* [EXERCISE PROMPT]:
Exact reproduction of the listing is required. Pictures are not reproduced.

* [GIVEN MATERIAL]:
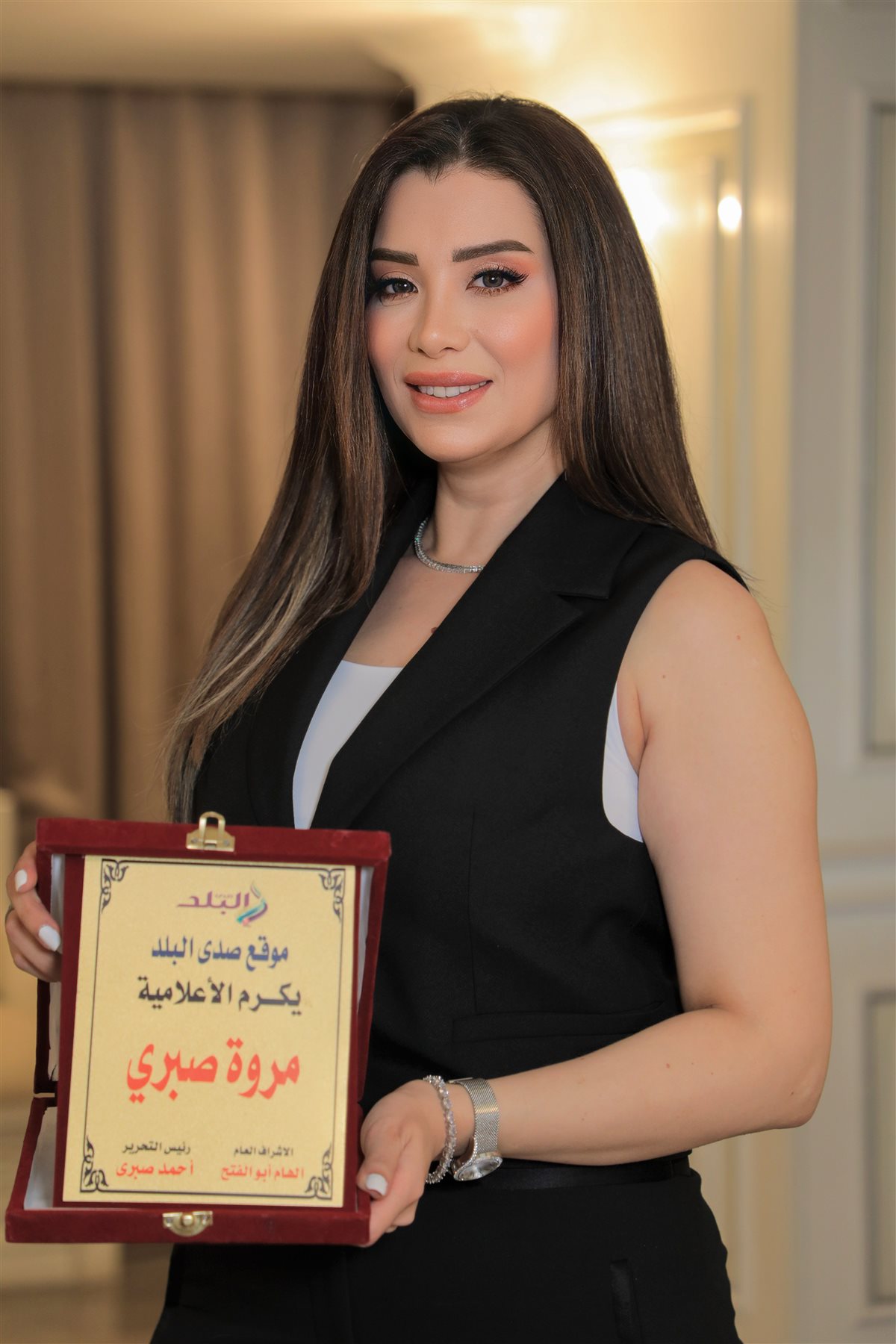 مذيعة مصرية: شيرين عبد الوهاب محتاجة تهتم ببناتها شوية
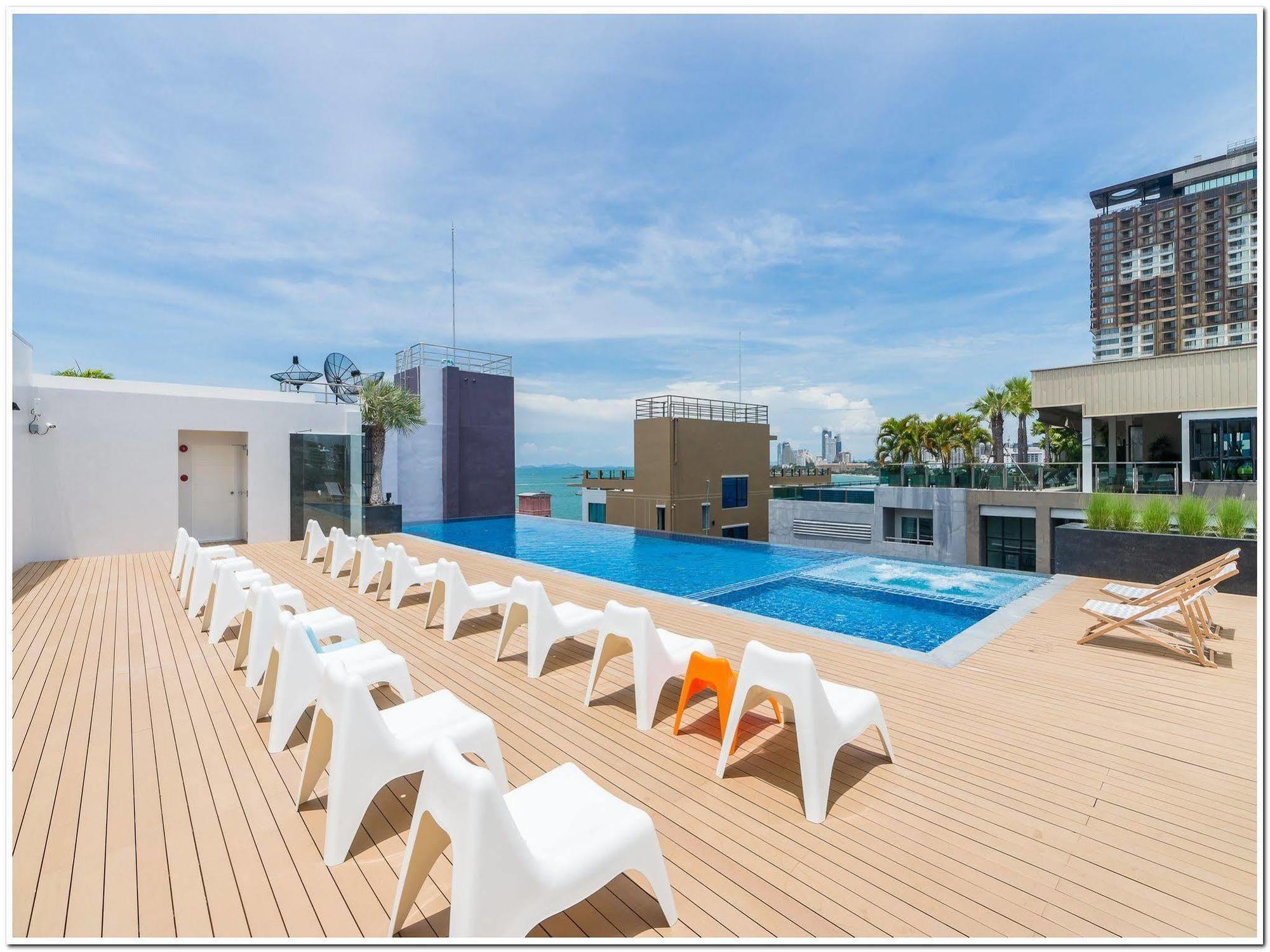 Sea Me Spring Tree Hotel (Adults Only) Pattaya Eksteriør bilde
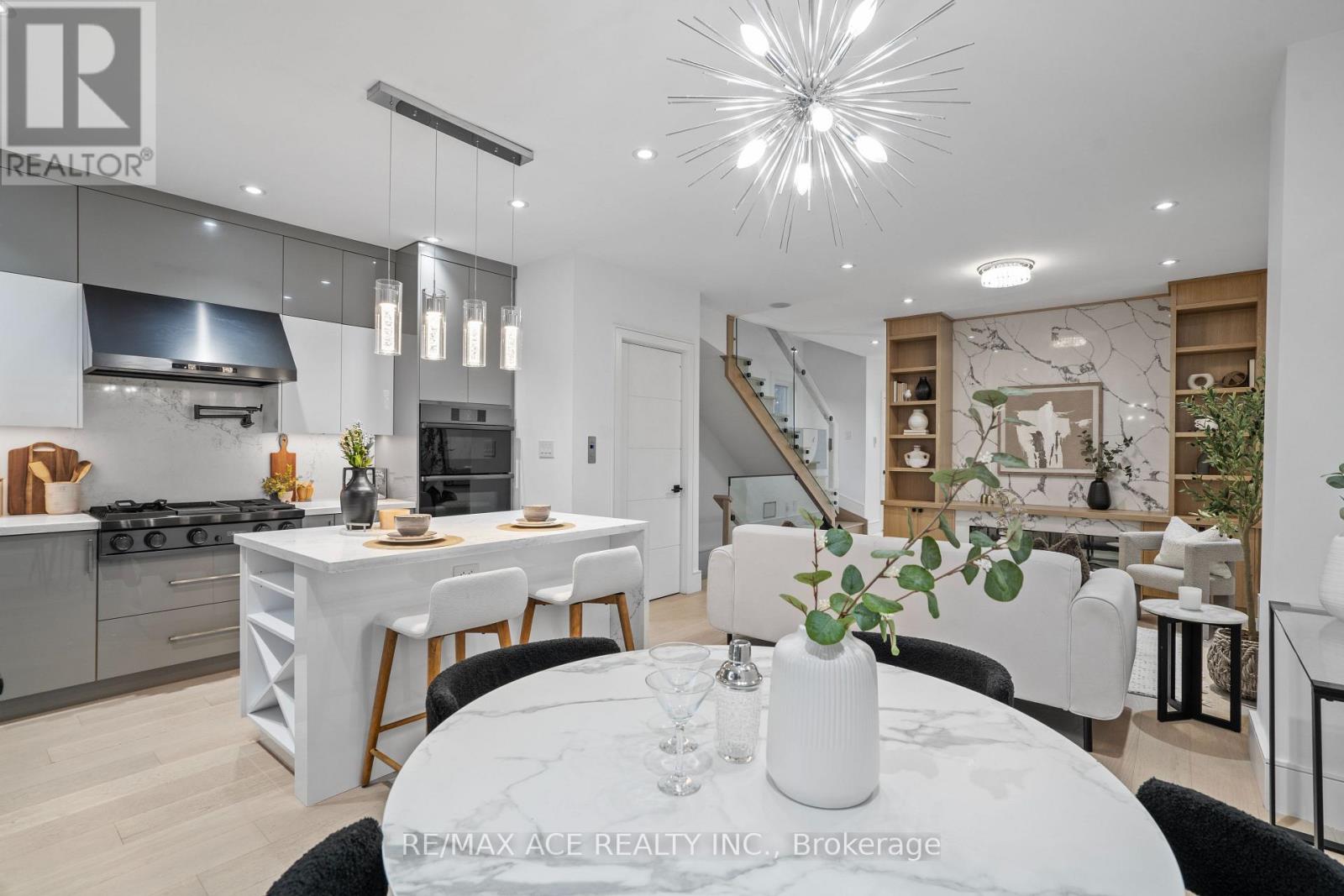 10a Benson Avenue, Mississauga, Ontario  L5H 2P2 - Photo 10 - W12782916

* [WRITTEN SOLUTION]:
 مذيعة مصرية: شيرين عبد الوهاب محتاجة تهتم ببناتها شوية
 Sea Me Spring Tree Hotel (Adults Only) Pattaya Eksteriør bilde
 10a Benson Avenue, Mississauga, Ontario  L5H 2P2 - Photo 10 - W12782916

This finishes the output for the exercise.